I picked up a copy of Death Comes to Pemberly, by P.D. James, which is a Jane Austen pastiche that imagines a murder taking place on the Pemberly ground and good old Wickham implicated as the number one suspect. I'd already seen the BBC dramatization, so the resolution of the crime did not come as a surprise, but I was curious to see how James pulled off Austen's voice (very well, as it turns out). It's more of a courtroom drama and commentary on the inadequacies of the early 19th century judicial system than a classic who-done-it, but I found it enjoyable, even if there was, to me, an excessive amount of rehashing the events of Pride and Prejudice for the benefit of readers who had not delved into that book recently or (perish the thought) not at all.

I am still on my vintage Barbara Michaels kick and the book I read in May, Here I Stay, was the first of hers where I just did not like the main character. She was neurotic, codependent, angry, and grouchy with no good reason (well, other than having lost her parents at an early age and having been responsible for raising her brother, who is in a terrible accident at the beginning of the book). I don't buy into the idea that fictional characters have to be "likable," but it is nice when they have some redeeming qualities, or some claim to empathy, but I did not find that with the protagonist of this book (whose name, funnily enough, is Andrea).
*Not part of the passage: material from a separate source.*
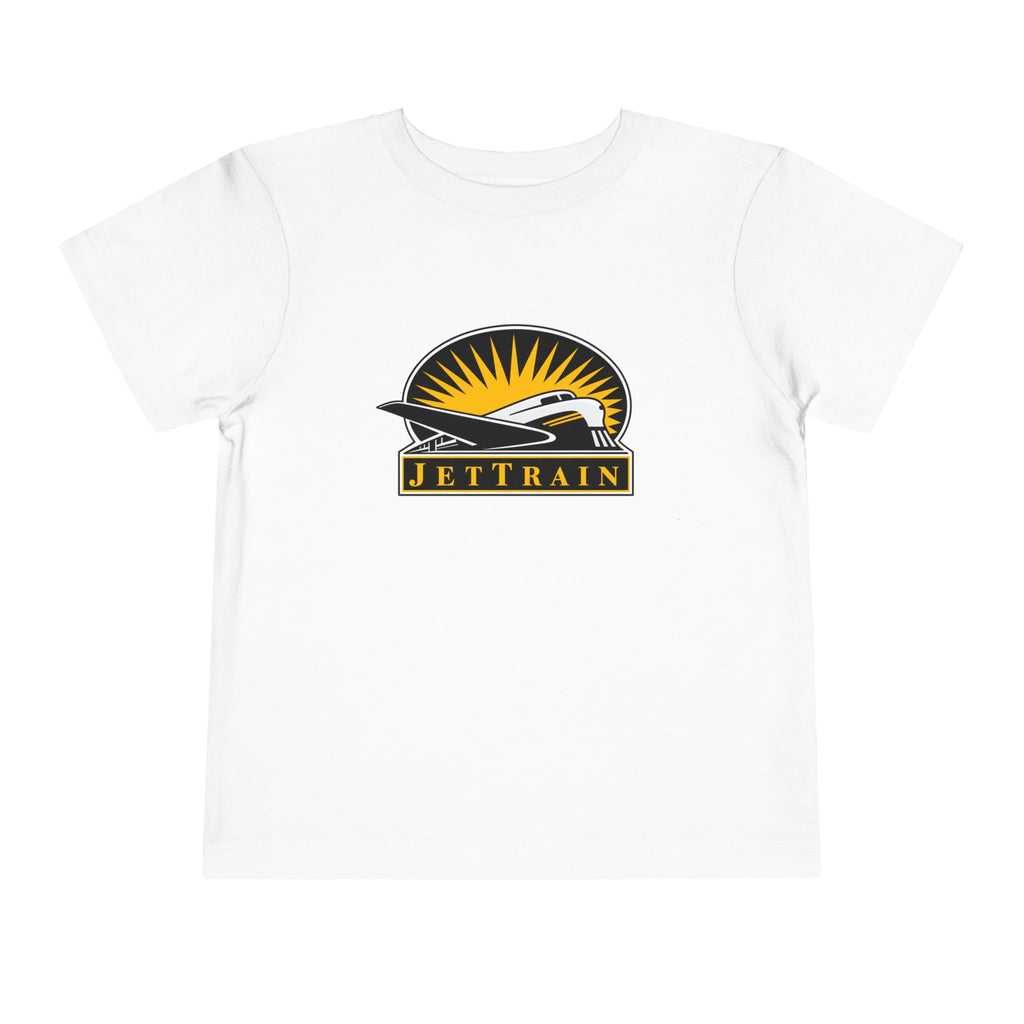 Bombardier JetTrain Toddler Tee / T-Shirt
And, finally, I read To the Bright Edge of the World, by Eowyn Ivey. It was meant to be an informal book club read with two friends, only one didn't read it and couldn't make it to our get-together, and the other friend and I didn't end up talking about the book a whole lot (is this how all book clubs are?). The book tells the story of an explorer, Colonel Forrester, as he leads a small expedition into Alaska's interior in the early 1900s, and his wife, Sophie, left back home at the Army barracks, pregnant, alone, and searching for a medium to express herself. It's written in epistolatory style, as if pieced together from journal entries, letters, newspaper clippings, book excerpts, and other paper ephemera, which I thought at first might be distracting, but was in fact very engaging and Ivey does a wonderful job capturing the voices of the various authors and correspondents. Like Ivey's first book, The Snow Child, there's a heavy dose of the mystical, or perhaps the mythical, with Native American legends coming to life in bizarre but believable ways. Elements of historical obstetrics, natural history, and early photography also make their way into the narrative, combining to make an altogether a fascinating read.

The twins are still adamant about my reading aloud from Elizabeth Peters's Amelia Peabody series every night, and we finished two volumes last month: A River in the Sky and The Falcon at the Portal. We did a lot of reading huddled around the campfire on our cold camping trip. I had hoped we'd quit the series before Falcon, even though it's one of my favorite books in the series, because it's the one in which two certain characters get together (if only briefly). I had remembered the scene as much more explicit than it was—which goes to show that a good writer can establish a mood or a feeling without going into graphic detail—and it means that it was not unduly awkward to read aloud. E has been so inspired by the books he chose to do his school project on Howard Carter and Amelia's vocabulary is rubbing off on them: the other day Z said of one of his teachers, "She's a lot more affable after school."